Exercise requirements: Begin at the line below that has "An arch to decorate your ceremony". Stop after the line that has "Gemuetliche 1-Zimmer Wohnung", repeating each line exactly and leaving out the pictures.
----- Provided entries
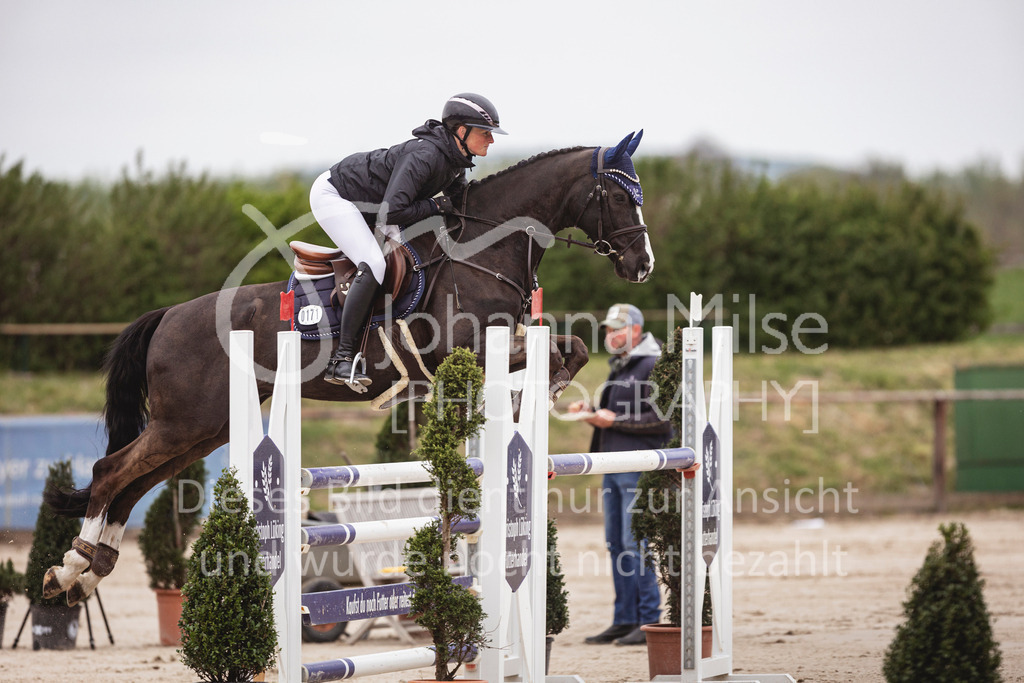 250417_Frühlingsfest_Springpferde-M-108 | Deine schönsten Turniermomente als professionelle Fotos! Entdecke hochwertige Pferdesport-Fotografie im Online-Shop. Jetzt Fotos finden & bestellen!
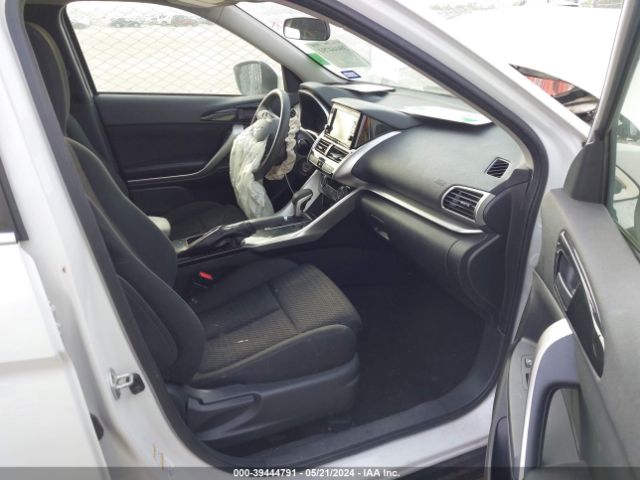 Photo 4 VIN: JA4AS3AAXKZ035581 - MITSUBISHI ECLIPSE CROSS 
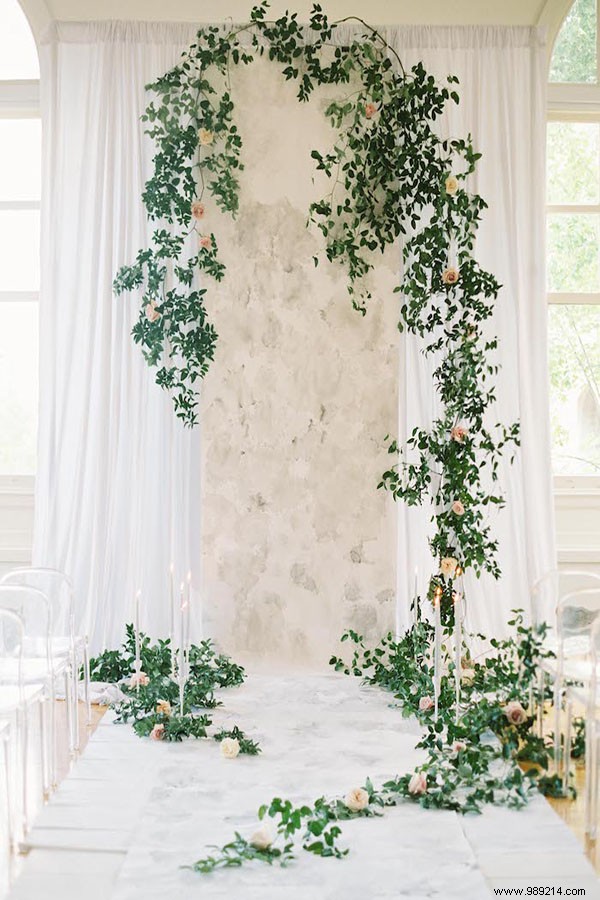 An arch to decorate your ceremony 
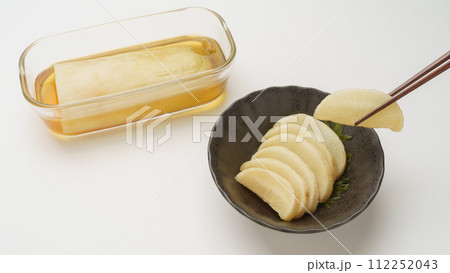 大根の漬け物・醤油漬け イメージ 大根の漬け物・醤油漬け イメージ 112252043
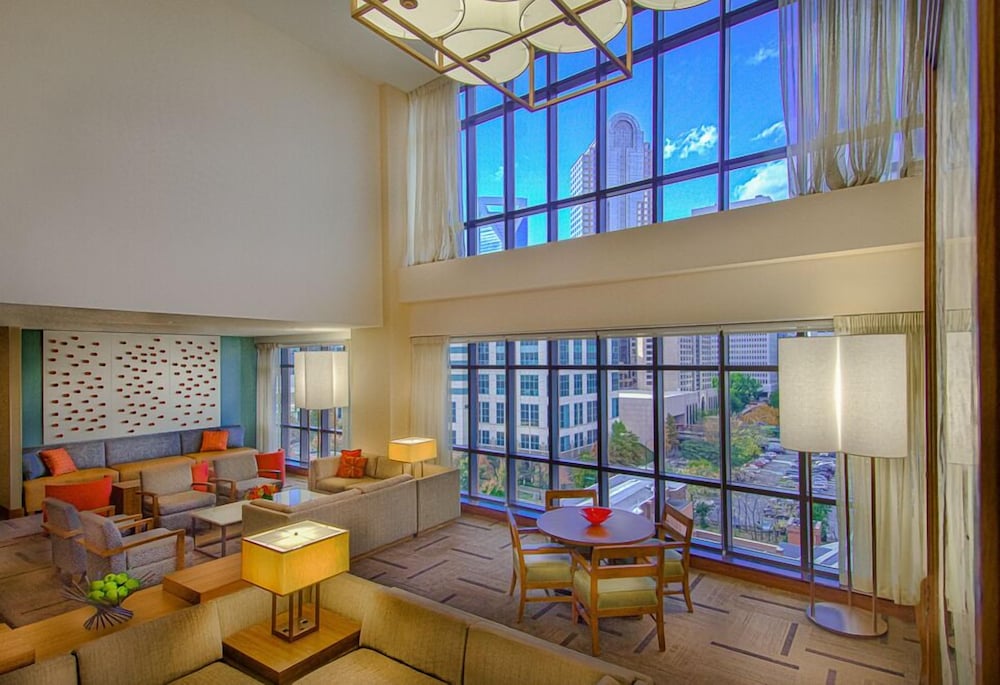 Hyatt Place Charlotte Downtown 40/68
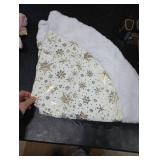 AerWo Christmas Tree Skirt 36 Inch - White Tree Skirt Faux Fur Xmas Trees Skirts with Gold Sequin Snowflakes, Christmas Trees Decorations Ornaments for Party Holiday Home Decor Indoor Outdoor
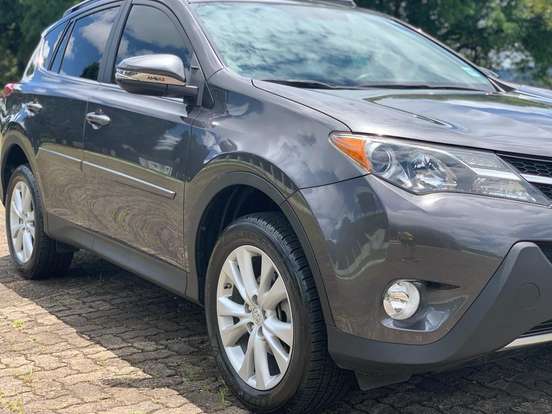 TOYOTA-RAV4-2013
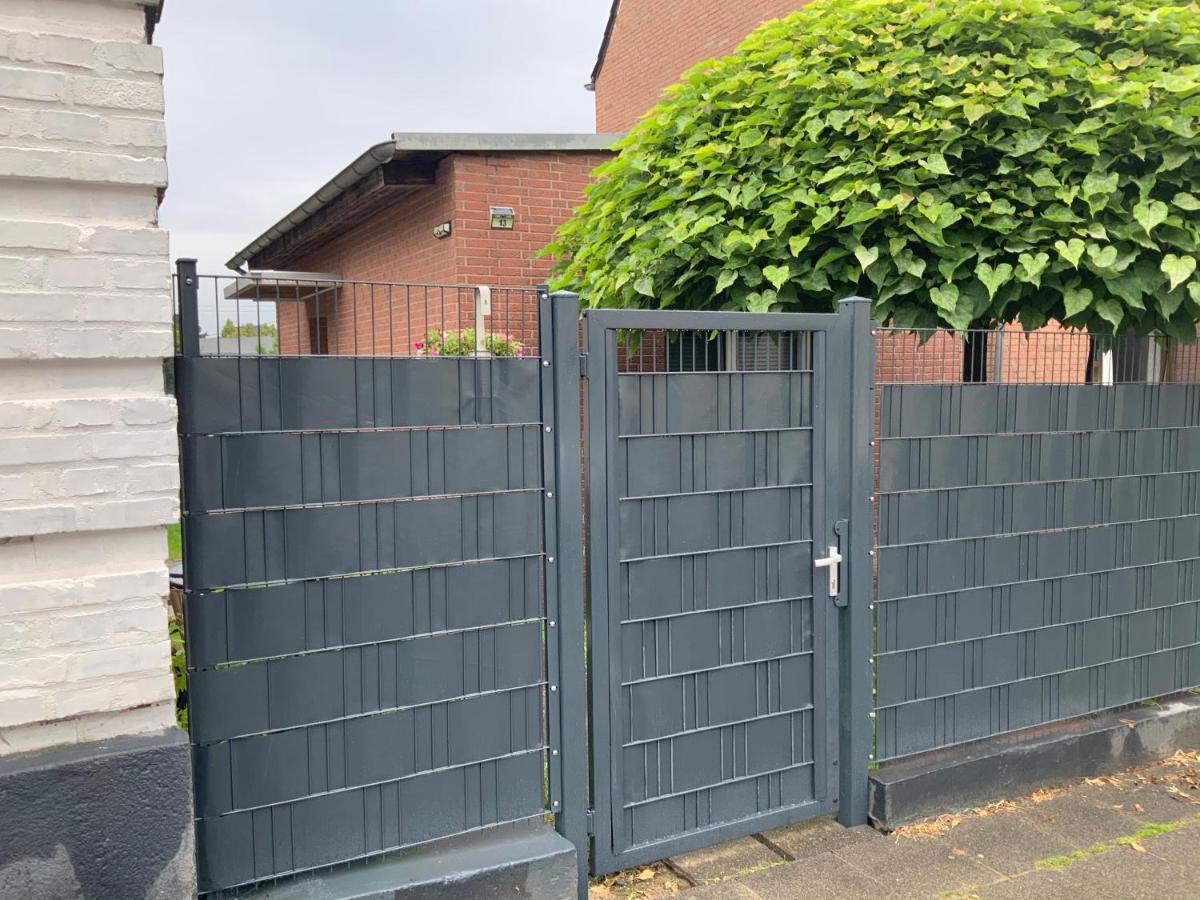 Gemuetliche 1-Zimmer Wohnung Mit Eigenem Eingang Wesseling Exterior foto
----------
----- Provided entries
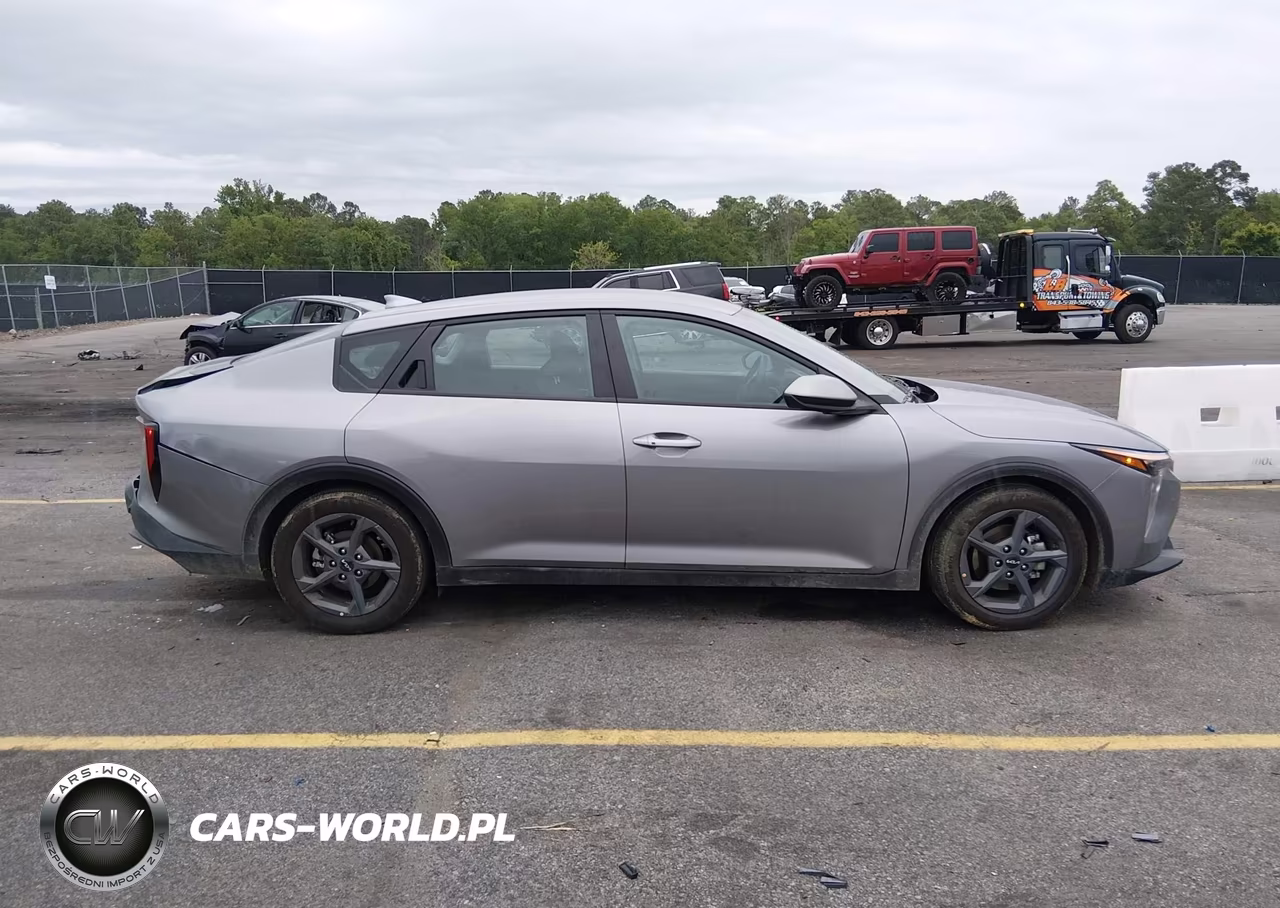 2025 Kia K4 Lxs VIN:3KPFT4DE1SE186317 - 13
----------
Response box:
 An arch to decorate your ceremony 
 大根の漬け物・醤油漬け イメージ 大根の漬け物・醤油漬け イメージ 112252043
 Hyatt Place Charlotte Downtown 40/68
 AerWo Christmas Tree Skirt 36 Inch - White Tree Skirt Faux Fur Xmas Trees Skirts with Gold Sequin Snowflakes, Christmas Trees Decorations Ornaments for Party Holiday Home Decor Indoor Outdoor
 TOYOTA-RAV4-2013
 Gemuetliche 1-Zimmer Wohnung Mit Eigenem Eingang Wesseling Exterior foto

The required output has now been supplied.